Он посмотрел вверх, на матово-свинцовый блеск окон.
Когда они прошли несколько шагов, он заметил Юдит. Ее светлый плащ словно фосфоресцировал возле неподвижно сидящего послушника у колонны. Хеландер испуганно остановился.
— Это еще кто? — недоверчиво спросил он.
— Не бойтесь, — ответил Грегор. — Просто еще кое-кто, кого должен взять с собой Кнудсен. Я нашел ее в порту. За ней гонятся эти.
Но пастор так и не сдвинулся с места, пока Юдит сама не подошла к нему.
— Господин пастор, — сказала она, — я еврейка. Этот господин предложил мне свою помощь и привел сюда. Но я немедленно уйду, если вы не желаете, чтобы я осталась.
Удивительно, подумал Хеландер, сколько всего может произойти за один день. Удивительно и то, сколько всего может добиться этот молодой коммунист-дезертир.
— Неужели вам действительно удалось уговорить Кнудсена? — спросил он Грегора.
— Нет, — признался Грегор, — но он остался и сегодня ночью заберет фигуру на Лоцманском острове.
— И он примет молодую даму?
— Пока он даже не подозревает о ее существовании, — сказал Грегор.
— Тогда не питайте слишком больших надежд, дитя мое, — сказал Хеландер, повернувшись к Юдит.
Еврейка, подумал он, и тут же: а крещеная ли? Но ведь это не имеет значения, ответил он сам себе. Всякий, кого преследуют эти, — крещеный. Он с ненавистью подумал о тех своих коллегах, которые порекомендовали еврейским членам общины отказаться от крещения — позор церкви был безмерен.

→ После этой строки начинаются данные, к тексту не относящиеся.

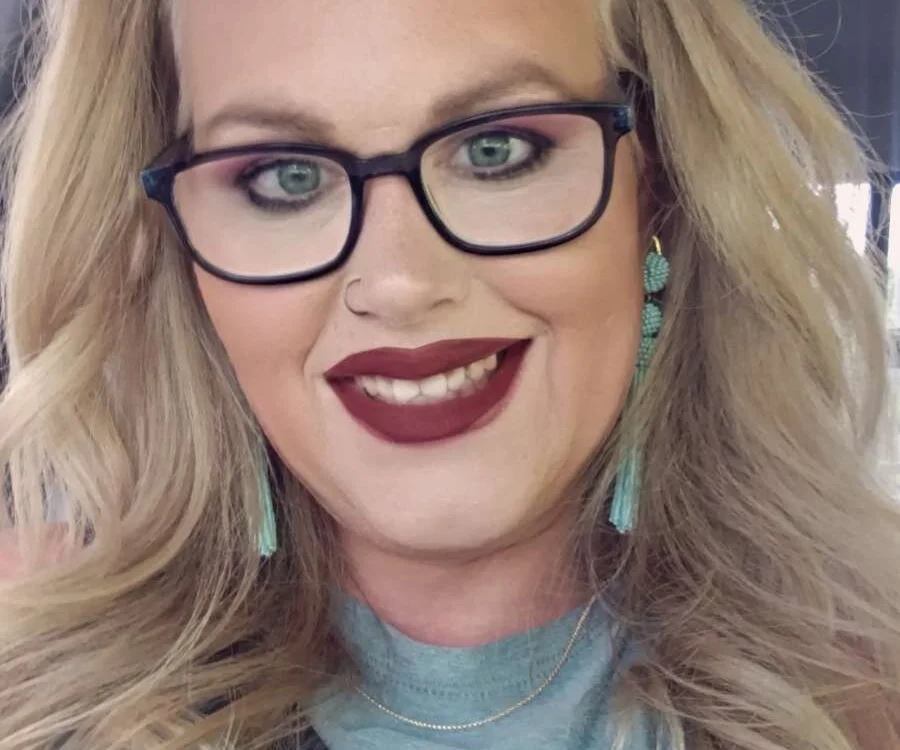 kindswiftspirit's Offline XXX Chat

«Молодая дама», подумал Грегор, и потом обращение «дитя мое», а потом это ее жеманное: «Но я немедленно уйду, если вы не желаете, чтобы я осталась», — на каком языке они говорят друг с другом, это язык их круга, они сразу поняли, что принадлежат к одному и тому же кругу, они узнали друг друга по тону их речей. Грегор, все еще держа руку пастора на своих плечах, наблюдал, как беседовала с ним Юдит: с приятной почтительностью, но с ощущением, что они люди одного круга, почти в тоне светской беседы, это выглядело бы восхитительно, если бы не было таким идиотизмом, да, это выглядит, как восхитительный идиотизм, но я, во всяком случае, к этому отношения не имею, ни к этому Божьему рыцарю, ни к этой милой буржуазке с ее трагической болтовней о самоубийстве «мамы», ни ко всему этому «предчувствию гильотины»; не хватает только, чтобы подали чай. И он подумал с ожесточением: черт побери, зачем я вообще здесь, почему я не увильнул от всего этого, почему я делаю за них грязную работу и почему я вынудил Кнудсена делать для них ту же грязную работу?
Но потом взгляд его упал на читающего монаха, на товарища Послушника, и он снова осознал, почему он здесь; товарищ Послушник тоже не принадлежал к ним, он принадлежал Грегору, он принадлежал к тем, кто сначала читал тексты, а потом вставал и уходил, он принадлежал к клубу тех, которые вступили в заговор: никогда не принадлежать больше никому.